Wednesday, July 26, 2017

Experiencing Awe and Fostering It in Others

Susan Beaumont, a senior consultant with the Alban Institute, shares in her newest article research on the benefits of the human experience of awe and reflects on ways of fostering awe in people.  See the article here:   http://www.susanbeaumont.com/2017/07/18/disappointed-in-your-followers-try-cultivating-awe/  Beaumont writes how awe is inspired by beauty.  Experiences of awe draw us out of ourselves, cause us to pause to take notice and recognize we are but a small part of something much bigger than ourselves.

Overlook at Sleeping Bear National Lakeshore
Awe is what draws us to visit National Parks this time of year.  They are national treasures.  Over the years, I've visited many of them.  Whether it is watching Old Faithful at Yellowstone in Wyoming; standing on the rim of the Grand Canyon in Arizona and trying to comprehend what eyes see; hiking trails at Zion in Utah; taking in the grandeur of Yosemite in California; driving in dizzying high altitudes of Glacier in Montana, and Rocky Mountain in Colorado; sitting by a campfire in the Smoky Mountains in Tennessee, or being socked in the fog at Acadia in Maine, something special happens deep in us at these places. Here in Michigan, we have the Sleeping Bear Dunes National Lakeshore.  Standing on the top of Sleeping Bear dune and looking out over Lake Michigan recalibrates perspective.

It was ten years ago when I sensed God calling me to something new.  It was about this time of year when I first learned about the Presbytery of Lake Michigan and its search for a general presbyter.  Part of a new call includes the grief work for what is being left behind.  I wrestled with my attachments to the Montauk Community Church, the community and friends there, whom I loved. There was for me the added grief of leaving the awe inspiring landscape there.  To be blunt, who doesn't love a water view?  I had the extraordinary privilege and honor to serve that oceanside fishing, resort community.  They provided me with a manse with a ocean view! With a five minute walk to the beach!!  With an ocean view from my church office desk!!!  They paid me to live there!!!!  What can I say?  Yet, after eleven years of ministry there, God had something new in mind for me.  And the Presbytery has kept me busy enough ever since not to think too much about it.

Life is not all a mountaintop experience.  God calls us forth to serve.  However, my experience in Montauk taught me about awe.  Unless one is spiritually dead, no one enters Montauk without experiencing a sense of awe.  When one drives into this village from the west on Montauk Highway, all of a sudden an ocean view opens before your eyes.  The universal response of residents and visitors alike is a wonderful sense of awe, joy, peace...recalibration.  Getting to Montauk takes some effort, can be tiring and frustrating.  All that instantly evaporates.  You say to yourself, "OK, this is why I'm here."

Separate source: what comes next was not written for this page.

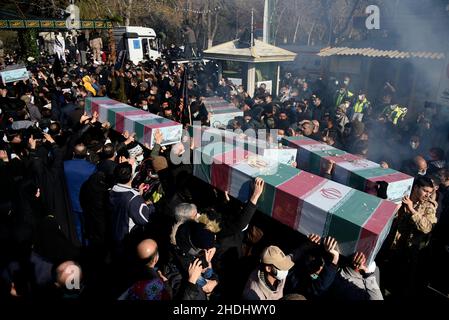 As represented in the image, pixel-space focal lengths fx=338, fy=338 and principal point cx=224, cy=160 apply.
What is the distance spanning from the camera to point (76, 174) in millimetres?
4320

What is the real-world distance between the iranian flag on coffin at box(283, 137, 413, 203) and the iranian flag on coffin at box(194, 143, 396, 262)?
0.46m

During my tenure in Montauk, I had the chance to visit Iona.  I learned there the Celtic concept for this. They call it "a thin place where the distance between heaven and earth is tissue thin."  This gave me language for what my Montauk neighbors knew instinctively and helped me connect with them.  Stricken by the natural beautiful of the place, I led vesper services during the summer at public overlooks where we marveled at the sunset over the water.  I led prayer walks on the hiking trails, stopping here and there to reflect on something we noticed and to break into song, giving thanks to God.  For two summers, I led a 7 a.m. Sunday service on a popular resort terrace overlooking the Atlantic.  With the financial help of the Presbytery, I invited Dennis Dewey, a gifted Biblical story teller to come for a week.  We set him up at various public places where he told water and fish stories from the Bible.  The magic draw of the storyteller attracted a crowd at each site.  At the Lighthouse he led us responsively with Psalm 136, the crowd responding with the refrain, "for his steadfast love endures forever."  At the harbor docks he told the story of Jonah and the call of Peter, Andrew, John and James.   On the beach he told the story of the risen Jesus making breakfast for the disciples.  At the village green, the story of feeding of the five thousand.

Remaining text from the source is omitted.